Nossa crise (alguém ainda vai inventar um nome carinhoso para ela) foi cuidadosamente providenciada. Não há país que resista à experiência pela qual o Brasil passou. Talvez nos faça bem lembrar que, durante longos anos, estivemos sob fortíssima influência de uma verdadeira frente única do insucesso. Marilena Chauí era a filósofa do governo e a economia foi para o abismo com o receituário "desenvolvimentista" (!) dos seguidores de Maria da Conceição Tavares. Traçados pelo companheiro Paulo Freire, os objetivos políticos revolucionários degradaram a educação. A diplomacia era regida pelas estratégias bananeiras e bolivarianas de Marco Aurélio Garcia. O pensamento político usava os neurônios marxistas de Emir Sader. As referências comerciais eram dadas por Eike Batista e Marcelo Odebrecht. A mobilização social corria por conta das falanges de João Pedro Stédile. Enquanto, parcela significativa dos partidos da base, em organização criminosa, saqueava o Estado, Leonardo Boff encenava a direção espiritual e Luiz Inácio Lula da Silva, primus inter pares, regia o elenco. Falta muita gente na lista, mas basta. Disso tudo nos livramos.
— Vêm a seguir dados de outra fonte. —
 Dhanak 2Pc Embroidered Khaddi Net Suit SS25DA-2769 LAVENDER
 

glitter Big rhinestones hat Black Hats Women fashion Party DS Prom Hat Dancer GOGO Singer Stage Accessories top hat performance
Interpelou-me um leitor: "Não fui à rua pelo impeachment para ver Temer dando cobertura à quadrilha que governava o país. Ele estava profundamente contrariado pelo tipo de relação que o presidente mantém com gente cujo prontuário não estimula a presunção de inocência nem recomenda absolvição coletiva. Respondi: "Nem eu. Não conheço quem tenha feito daquela mobilização uma espécie de campanha tipo Temer já ou Temer lá". O vice-presidente era o beneficiário incontornável, porque constitucional, do impeachment de Dilma Rousseff. Contudo, de um lado, não levava jeito para o papel de S. Thomas Morus da Sétima República; de outro, o Congresso que a nação elegeu em 2014 - culpa de eleitores, do modelo institucional e dos fatos - jamais proporcionaria base para um governo de virtuosos.
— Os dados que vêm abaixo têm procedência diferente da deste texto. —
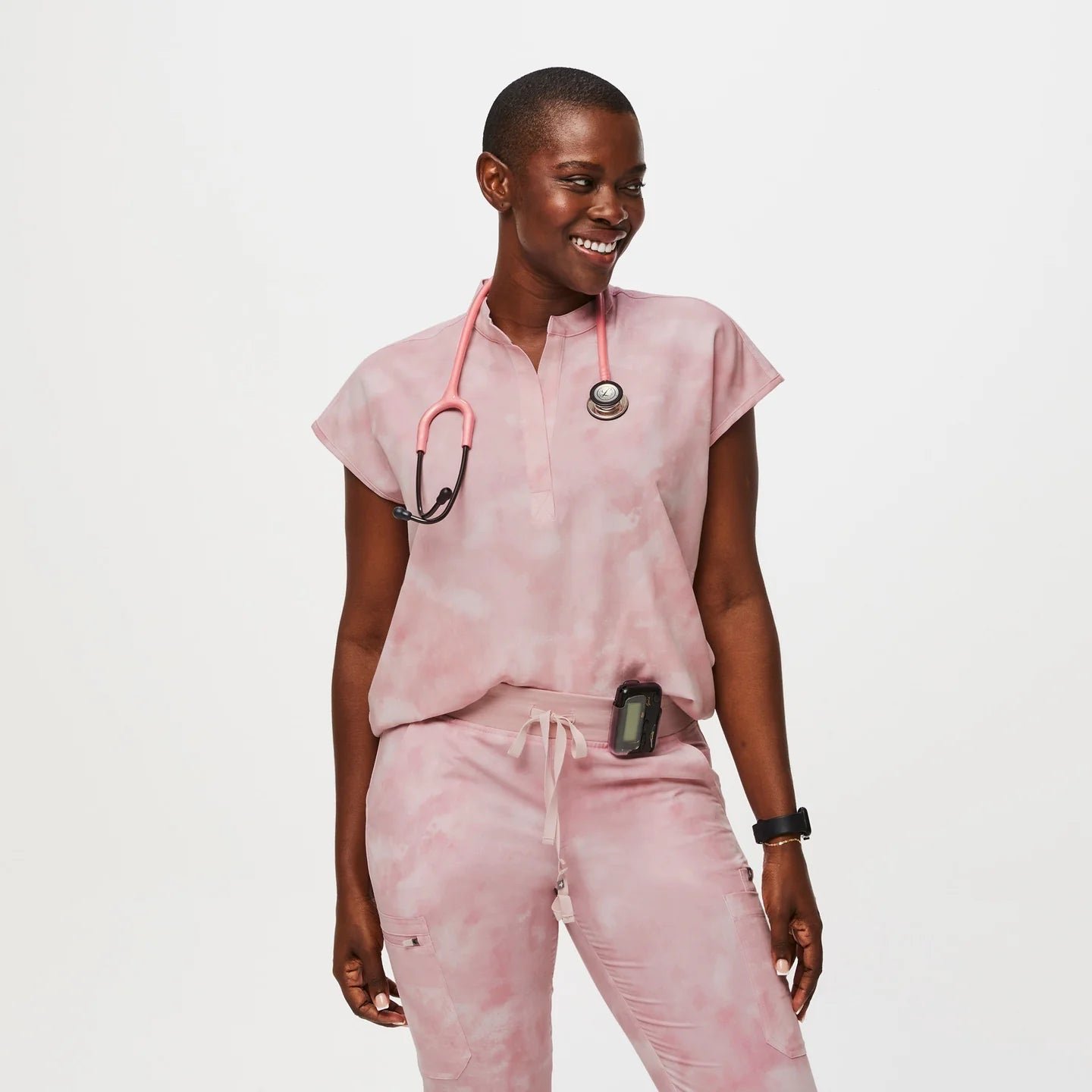 Figs scrub set size XS top / S Bottoms in marbled rose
Em razão desse quadro, a primeira pesquisa de opinião sobre o governo Temer, aos dois meses como substituto provisório, em julho de 2016, já o posicionava com aprovação de apenas 14%. Um mês depois, ele era vaiado na abertura dos Jogos Olímpicos. Dilma, em maio do mesmo ano, fora aprovada por apenas 13%. Ou seja, a população via o peemedebista como rescaldo da realidade política anterior ao impeachment. Mesmo assim, é fato: somente um governo que consiga combinar base parlamentar sólida com desapego à popularidade pode adotar as duras medidas que vêm sendo adotadas e a realidade exige. Sem elas, o país não sai da valeta da recessão e da insolvência em que foi jogado como peso morto enquanto Lula o segurava pelas mãos e Dilma pelos pés, durante a obra ruinosa que conduziram.
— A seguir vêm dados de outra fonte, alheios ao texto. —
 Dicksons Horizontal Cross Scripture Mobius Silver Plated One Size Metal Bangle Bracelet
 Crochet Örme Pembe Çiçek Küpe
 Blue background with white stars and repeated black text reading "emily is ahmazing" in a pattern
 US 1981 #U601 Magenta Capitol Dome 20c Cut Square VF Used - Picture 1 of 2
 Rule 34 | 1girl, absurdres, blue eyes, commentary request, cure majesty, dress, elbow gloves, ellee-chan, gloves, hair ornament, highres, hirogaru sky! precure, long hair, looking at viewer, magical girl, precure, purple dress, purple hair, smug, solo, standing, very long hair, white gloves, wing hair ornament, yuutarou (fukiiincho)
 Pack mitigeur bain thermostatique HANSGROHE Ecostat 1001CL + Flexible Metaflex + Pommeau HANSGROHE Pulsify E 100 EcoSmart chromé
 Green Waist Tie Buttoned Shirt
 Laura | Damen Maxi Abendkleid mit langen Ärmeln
Estão presentes, na realidade brasileira, fatores de risco que inibem o desenvolvimento econômico e põem na perspectiva o agravamento da crise política. Se advier um novo período de instabilidade, a degradação social acabará venezuelizando o país. O Brasil que se leva a sério não negocia valores morais e apoia a Lava Jato, operação indispensável à recuperação da dignidade nacional e à punição de todos os culpados; percebe e denuncia acumpliciamentos que clamam por explicações à polícia, ao ministério público e às cortes. No próximo dia 26 de março, esse Brasil gritará - "Não ousem preparar ou palmilhar os caminhos da impunidade!". Mas, ao mesmo tempo, firma os pés no chão dos fatos e sabe quanto os próximos dois anos são decisivos para milhões de famílias que padecem o desemprego. Por isso, não assume os riscos de uma nova crise institucional.